These labels were automatically added by AI and may be inaccurate. For details, see About Literature Database.
Abstract
Within the realm of privacy-preserving machine learning, empirical privacy
defenses have been proposed as a solution to achieve satisfactory levels of
training data privacy without a significant drop in model utility. Most
existing defenses against membership inference attacks assume access to
reference data, defined as an additional dataset coming from the same (or a
similar) underlying distribution as training data. Despite the common use of
reference data, previous works are notably reticent about defining and
evaluating reference data privacy. As gains in model utility and/or training
data privacy may come at the expense of reference data privacy, it is essential
that all three aspects are duly considered. In this paper, we first examine the
availability of reference data and its privacy treatment in previous works and
demonstrate its necessity for fairly comparing defenses. Second, we propose a
baseline defense that enables the utility-privacy tradeoff with respect to both
training and reference data to be easily understood. Our method is formulated
as an empirical risk minimization with a constraint on the generalization
error, which, in practice, can be evaluated as a weighted empirical risk
minimization (WERM) over the training and reference datasets.

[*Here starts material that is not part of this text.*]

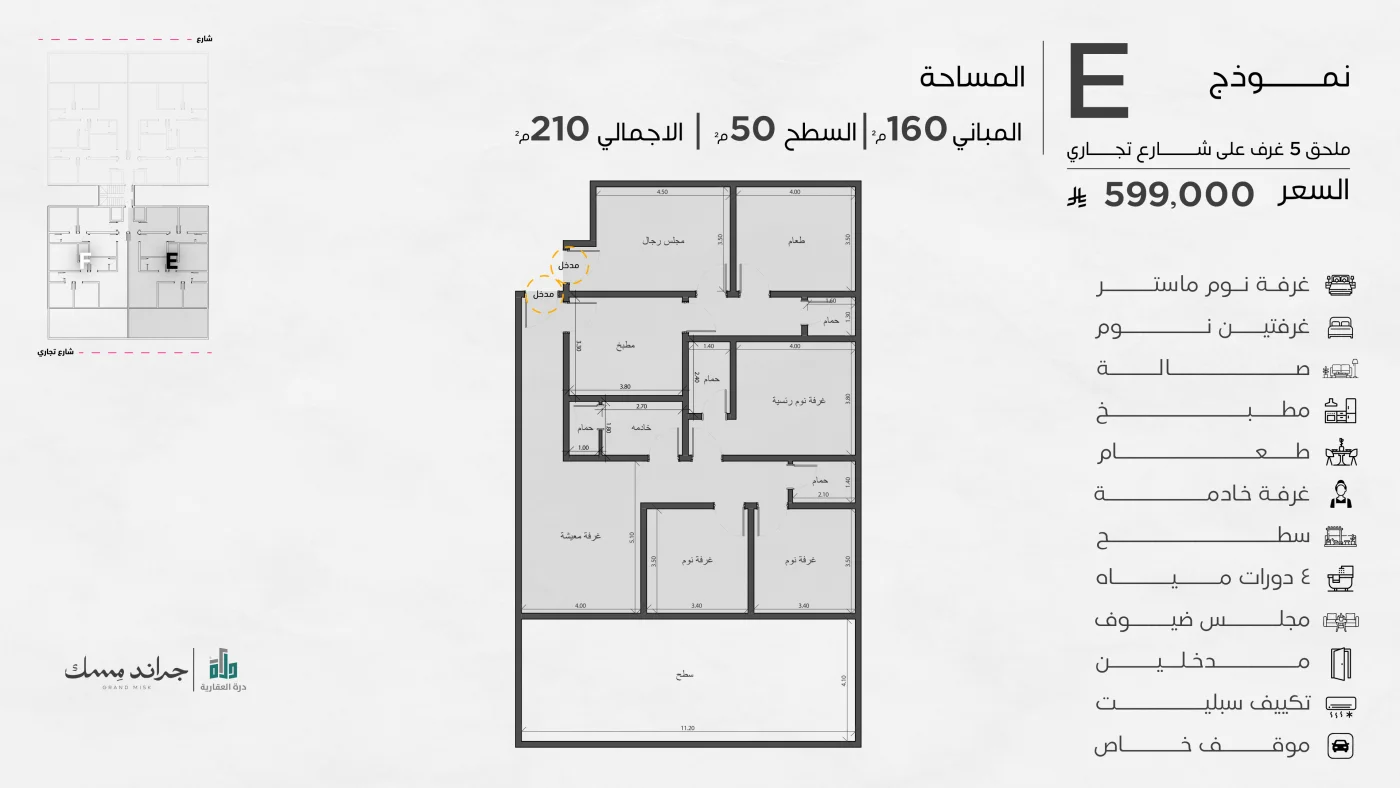 مخطط ملحق 5 غرف على شارع تجاري (روف فاخر) - نموذج E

Although we
conceived of WERM as a simple baseline, our experiments show that,
surprisingly, it outperforms the most well-studied and current state-of-the-art
empirical privacy defenses using reference data for nearly all relative privacy
levels of reference and training data. Our investigation also reveals that
these existing methods are unable to effectively trade off reference data
privacy for model utility and/or training data privacy. Overall, our work
highlights the need for a proper evaluation of the triad model utility /
training data privacy / reference data privacy when comparing privacy defenses.